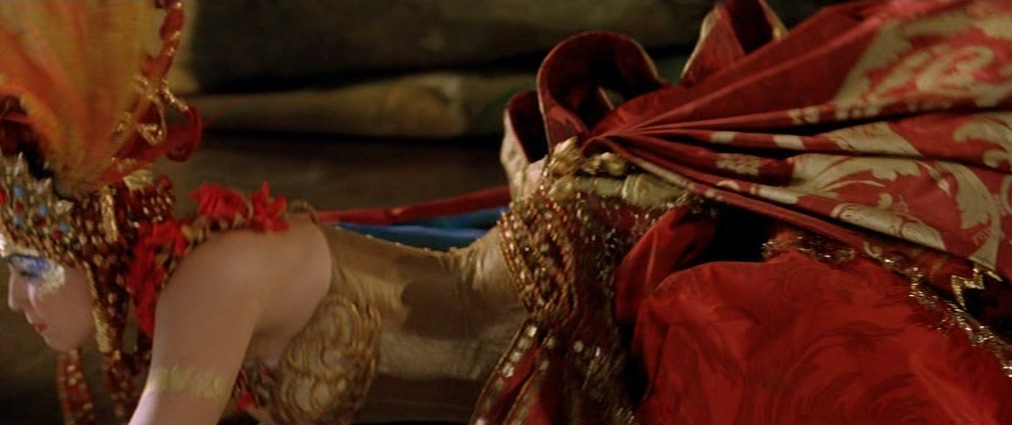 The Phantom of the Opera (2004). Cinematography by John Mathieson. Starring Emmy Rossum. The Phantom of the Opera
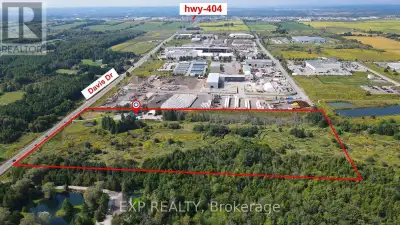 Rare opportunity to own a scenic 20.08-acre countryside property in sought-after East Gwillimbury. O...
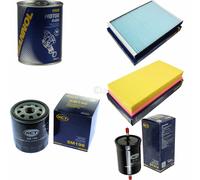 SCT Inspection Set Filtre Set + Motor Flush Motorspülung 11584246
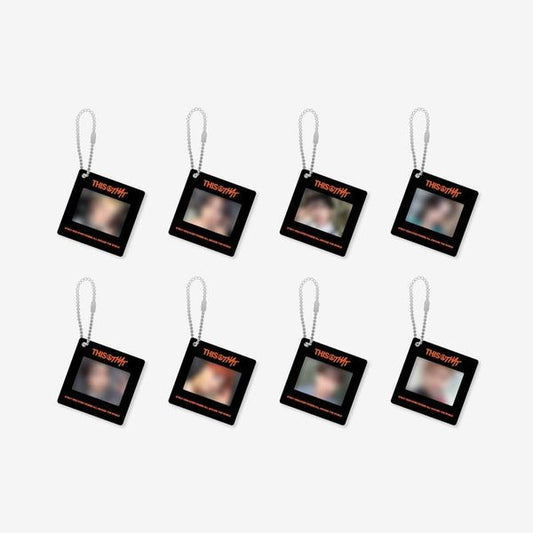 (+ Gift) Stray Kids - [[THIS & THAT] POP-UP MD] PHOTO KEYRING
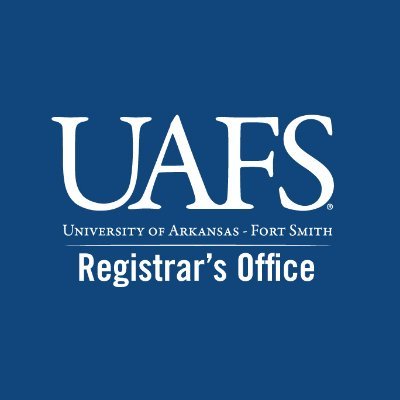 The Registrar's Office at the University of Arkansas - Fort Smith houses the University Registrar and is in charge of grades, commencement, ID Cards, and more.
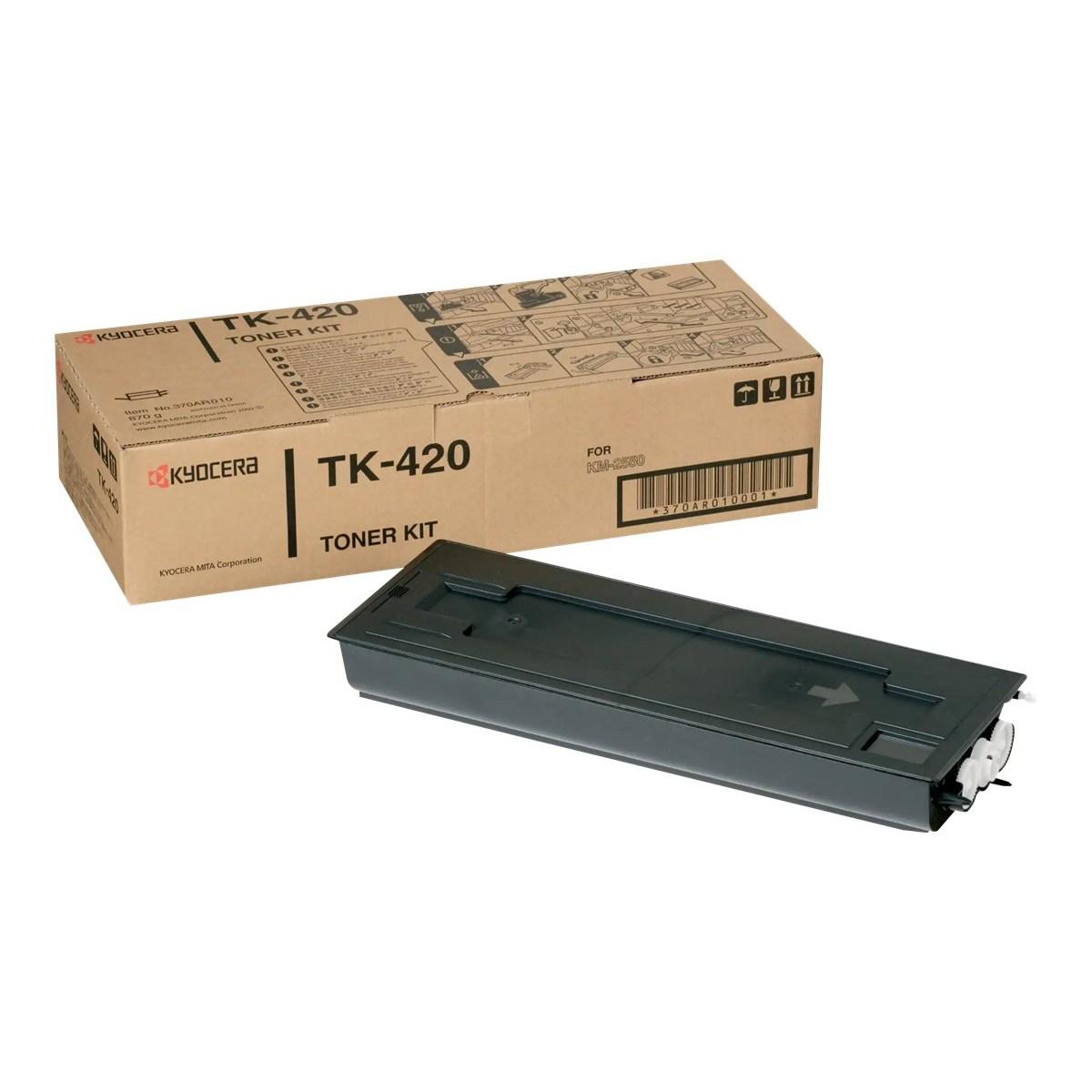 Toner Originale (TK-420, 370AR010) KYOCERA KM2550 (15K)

**Directions for this task**
Your copy should match every record exactly and contain no pictures.

**Answer below**
 The Phantom of the Opera (2004). Cinematography by John Mathieson. Starring Emmy Rossum. The Phantom of the Opera
 Rare opportunity to own a scenic 20.08-acre countryside property in sought-after East Gwillimbury. O...
 SCT Inspection Set Filtre Set + Motor Flush Motorspülung 11584246
 (+ Gift) Stray Kids - [[THIS & THAT] POP-UP MD] PHOTO KEYRING
 The Registrar's Office at the University of Arkansas - Fort Smith houses the University Registrar and is in charge of grades, commencement, ID Cards, and more.
 Toner Originale (TK-420, 370AR010) KYOCERA KM2550 (15K)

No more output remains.